A comparative analysis and quantitative understanding of sciences evolution.
The development of new types of socio-economic activities on digital media led to the constitution of huge electronic corpora that are one of the major components of the Big Data revolution in humanities and social sciences.
Such corpora are both a reflection and, perhaps even more importantly, a crucial part of the ubiquitous processes of distributed knowledge creation constantly occuring in many contexts: scientific communities, patent and technologie networks, online collaborative platforms, blogs, wikis, etc.
In parallel, we can witness an intense activity in mathematics and computer sciences toward Big Data analysis with the development of high performance computing and data processing platforms as well as new methods to perform text-mining or complex and multiplex networks analysis.
The combination of these two major trends paves the way toward large scale analysis of large digital corpora, which bears on significant scientific challenges in several fields including linguistics, distributed processing, complex networks analysis and information visualization.
The EPIQUE proposal focuses on scientific corpora and aims at overcoming several challenges that remain on the way to a comparative analysis and quantitative understanding of sciences evolution as a whole.
While part of the proposed researches will specifically take advantage of the structure and content of scientific documents (citations link, co-authorship, key words, significant expressions, etc.) most of them will be conducted so as to be as generic as possible, with applications far beyond science to other kinds of corpora such as those mentionned above (web, patents, newspapers, etc.).
Understanding Science evolution
The reconstruction of the structure and evolution of science in a bottom-up way from scientific production is of utmost importance for a wide range of actors :
- epistemologists and historians of science, who need to test their theories with data, in particular about the ways fields cross-fertilize and novelty emerge,
- scientists who want to position themselves in their field, understand the ins an out and find domains with high discovery potential,
- policy makers who want to spot emergent fields, foster innovation and get key indicators to assist them in decision-making processes,
- industry, that have to find its ways through the scientific production and evaluate the potential for innovation and technological transfert,
- librarians who need to propose classifications of documents which respect not only scientific topics hierarchy but also the evolution of ideas.
The EPIQUE proposal is situated in the context of the French national CNRS interdisciplinary research initiative MASTODONS (Grandes masses de données scientifiques) ARESOS. Its starting point is the work of David Chavalarias (CAMS-CNRS,ISC) and Jean-Philippe Cointet (INRA-SenS,ISC) on the conceptual analysis of evolving document corpora (blog, forum, bibliography collections, document archives) through the construction of phylomemetic trees representing the temporal evolution of topics inferred from a set of document archives covering a large timespan (the notion of phylomemetic tree is inspired from the notion of phylogenetic tree representing the characteristics and evolution of species and derived from the genes of their members).
Our first goal is to build a global semantic map of the evolution of science by applying appropriate scientometric models on the WoS corpus including more than 600K terms and the scientific publications over the last 20 years.

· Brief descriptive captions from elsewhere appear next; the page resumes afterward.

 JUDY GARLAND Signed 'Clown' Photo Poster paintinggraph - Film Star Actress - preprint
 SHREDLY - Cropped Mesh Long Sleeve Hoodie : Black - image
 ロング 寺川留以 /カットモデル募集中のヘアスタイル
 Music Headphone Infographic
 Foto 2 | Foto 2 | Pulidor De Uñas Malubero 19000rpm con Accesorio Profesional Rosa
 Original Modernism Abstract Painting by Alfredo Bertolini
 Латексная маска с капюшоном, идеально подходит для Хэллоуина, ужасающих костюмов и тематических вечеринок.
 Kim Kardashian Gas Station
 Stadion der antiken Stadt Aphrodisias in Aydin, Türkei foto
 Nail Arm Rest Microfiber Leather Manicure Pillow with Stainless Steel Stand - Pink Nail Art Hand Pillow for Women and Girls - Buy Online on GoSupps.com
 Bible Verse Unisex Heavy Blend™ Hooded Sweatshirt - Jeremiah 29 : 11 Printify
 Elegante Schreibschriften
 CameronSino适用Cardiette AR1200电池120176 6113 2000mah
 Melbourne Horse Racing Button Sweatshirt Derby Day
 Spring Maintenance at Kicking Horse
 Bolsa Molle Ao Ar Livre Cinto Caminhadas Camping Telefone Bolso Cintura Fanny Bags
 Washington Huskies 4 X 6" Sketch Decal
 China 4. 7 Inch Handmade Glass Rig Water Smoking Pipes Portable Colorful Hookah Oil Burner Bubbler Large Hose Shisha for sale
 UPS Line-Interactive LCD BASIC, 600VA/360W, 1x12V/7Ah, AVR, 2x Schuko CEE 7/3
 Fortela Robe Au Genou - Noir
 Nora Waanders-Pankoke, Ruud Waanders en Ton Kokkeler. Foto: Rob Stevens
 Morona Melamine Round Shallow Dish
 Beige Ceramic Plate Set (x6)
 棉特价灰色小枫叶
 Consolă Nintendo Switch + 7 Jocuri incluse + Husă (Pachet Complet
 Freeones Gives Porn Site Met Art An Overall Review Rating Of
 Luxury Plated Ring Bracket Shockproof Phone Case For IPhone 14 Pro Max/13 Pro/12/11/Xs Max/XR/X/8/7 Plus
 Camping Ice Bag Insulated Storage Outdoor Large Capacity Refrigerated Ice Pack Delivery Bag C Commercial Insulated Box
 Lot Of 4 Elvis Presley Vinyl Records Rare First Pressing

This objective will be the general driving force for the project and represent the main experimentation and validation criteria for the other objectives.
The second objective directly follows from the previous goal. The size of the WoS corpus represents an important challenge which needs the development of new solutions exploiting recent parallel data processing frameworks like Hadoop, Spark, Hadoop, Pregel, Terrier. The project partners already have some first promising results in using Spark [Laj2014, Gui2014] for building phylomemetic trees over the WoS corpus. Our goal is to go further in defining appropriate scalable data structures and algorithms for analysing and combining textual and semantic contents and metadata.